地上20階建て、249戸のアパタワーズ神戸三宮は05年10月に竣工した分譲マンションだ。発注者はアパホーム。設計・監理はイズムアソシエイツ(兵庫県姫路市、19年に破産)が担当した。元請けはアパ建設(金沢市、09年に解散)。大木建設が協力会社として外壁などの工事を担当した。
訴状によると、マンションでは15年3月30日、14階の一室で西側バルコニー下部の外壁タイルが幅約1.5mにわたって剥落し、真下に位置する4階のベランダに破片が散乱しているのが見つかった。負傷者はいなかった。
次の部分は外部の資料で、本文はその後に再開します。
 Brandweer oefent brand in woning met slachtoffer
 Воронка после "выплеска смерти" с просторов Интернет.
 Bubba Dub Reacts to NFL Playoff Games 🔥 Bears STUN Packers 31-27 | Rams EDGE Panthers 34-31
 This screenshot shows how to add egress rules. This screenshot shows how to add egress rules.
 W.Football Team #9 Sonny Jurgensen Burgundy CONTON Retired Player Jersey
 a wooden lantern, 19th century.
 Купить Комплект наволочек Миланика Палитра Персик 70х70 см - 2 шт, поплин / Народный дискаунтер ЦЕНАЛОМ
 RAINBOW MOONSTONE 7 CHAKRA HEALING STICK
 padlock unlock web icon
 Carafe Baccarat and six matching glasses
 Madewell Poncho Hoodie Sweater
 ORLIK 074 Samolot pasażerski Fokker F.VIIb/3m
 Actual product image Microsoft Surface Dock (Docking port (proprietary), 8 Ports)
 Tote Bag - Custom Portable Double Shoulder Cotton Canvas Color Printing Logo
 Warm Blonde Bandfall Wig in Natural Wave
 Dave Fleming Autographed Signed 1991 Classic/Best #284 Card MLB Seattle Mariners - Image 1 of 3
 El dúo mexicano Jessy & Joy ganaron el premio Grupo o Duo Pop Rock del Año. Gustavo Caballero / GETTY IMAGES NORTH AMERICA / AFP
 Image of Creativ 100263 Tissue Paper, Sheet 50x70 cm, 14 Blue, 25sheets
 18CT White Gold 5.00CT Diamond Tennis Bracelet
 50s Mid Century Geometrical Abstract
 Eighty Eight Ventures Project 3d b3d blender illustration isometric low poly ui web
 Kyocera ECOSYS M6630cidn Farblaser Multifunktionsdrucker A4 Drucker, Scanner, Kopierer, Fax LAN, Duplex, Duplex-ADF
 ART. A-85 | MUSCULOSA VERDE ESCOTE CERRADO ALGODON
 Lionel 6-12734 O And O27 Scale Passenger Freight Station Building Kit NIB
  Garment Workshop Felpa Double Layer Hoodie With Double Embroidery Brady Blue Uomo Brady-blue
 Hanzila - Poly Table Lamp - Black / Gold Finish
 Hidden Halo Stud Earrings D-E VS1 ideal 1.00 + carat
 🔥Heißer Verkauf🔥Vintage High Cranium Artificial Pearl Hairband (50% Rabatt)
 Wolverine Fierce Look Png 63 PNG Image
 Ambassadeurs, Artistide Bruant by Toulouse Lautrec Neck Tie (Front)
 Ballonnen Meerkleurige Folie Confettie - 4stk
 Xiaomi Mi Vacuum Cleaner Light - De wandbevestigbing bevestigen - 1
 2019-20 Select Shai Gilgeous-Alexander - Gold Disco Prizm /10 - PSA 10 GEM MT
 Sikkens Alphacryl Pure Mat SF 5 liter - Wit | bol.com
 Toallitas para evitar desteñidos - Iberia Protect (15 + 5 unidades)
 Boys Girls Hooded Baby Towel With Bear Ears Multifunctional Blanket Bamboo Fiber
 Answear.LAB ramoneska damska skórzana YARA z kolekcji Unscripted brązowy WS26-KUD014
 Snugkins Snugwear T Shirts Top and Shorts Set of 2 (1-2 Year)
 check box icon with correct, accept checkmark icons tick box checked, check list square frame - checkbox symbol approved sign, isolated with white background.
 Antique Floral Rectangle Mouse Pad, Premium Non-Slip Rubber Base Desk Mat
大木建設は15年4月2日、屋上からゴンドラをつり下げ、剥落箇所とその周辺の浮きが生じた外壁タイルを補修した。その際、他の階のバルコニーについても外壁タイルを確認したところ、5・7・8階で同様に浮きがみられた。管理組合はアパホームに対し、外壁タイルの全面調査と応急対策を求めたが、アパホームは経年劣化であることを理由に応じなかった。
そこで管理組合が、別の建設会社に調査を依頼。ゴンドラによる簡易調査の結果、南側外壁の約12%、西側外壁の約6%で浮きが見つかった。調査結果を受けて管理組合が補修工事を実施したところ、最終的にタイルの浮きは南側で約36%、西側で約21%、全体で約15%に及んでいたことが分かった。
管理組合は1級建築士の藤田雅巳氏に原因調査を依頼。藤田氏は、タイルの施工時に目荒らしなどをしていないこと、竣工後10年程度で劣化が3~5%の範囲に収まれば経年劣化と言えるが、アパタワーズ神戸三宮では浮きや剥離は10%以上で見られることなどから施工不良が原因と結論づけた。
管理組合はアパホームや大木建設などに補修工事費などの支払いを要求。しかし、アパホームなどは経年劣化だと主張して応じなかった。管理組合は17年12月7日、アパホームなど3社を相手取り、大阪地裁に提訴。18年3月6日に原告を変更して改めて提訴した。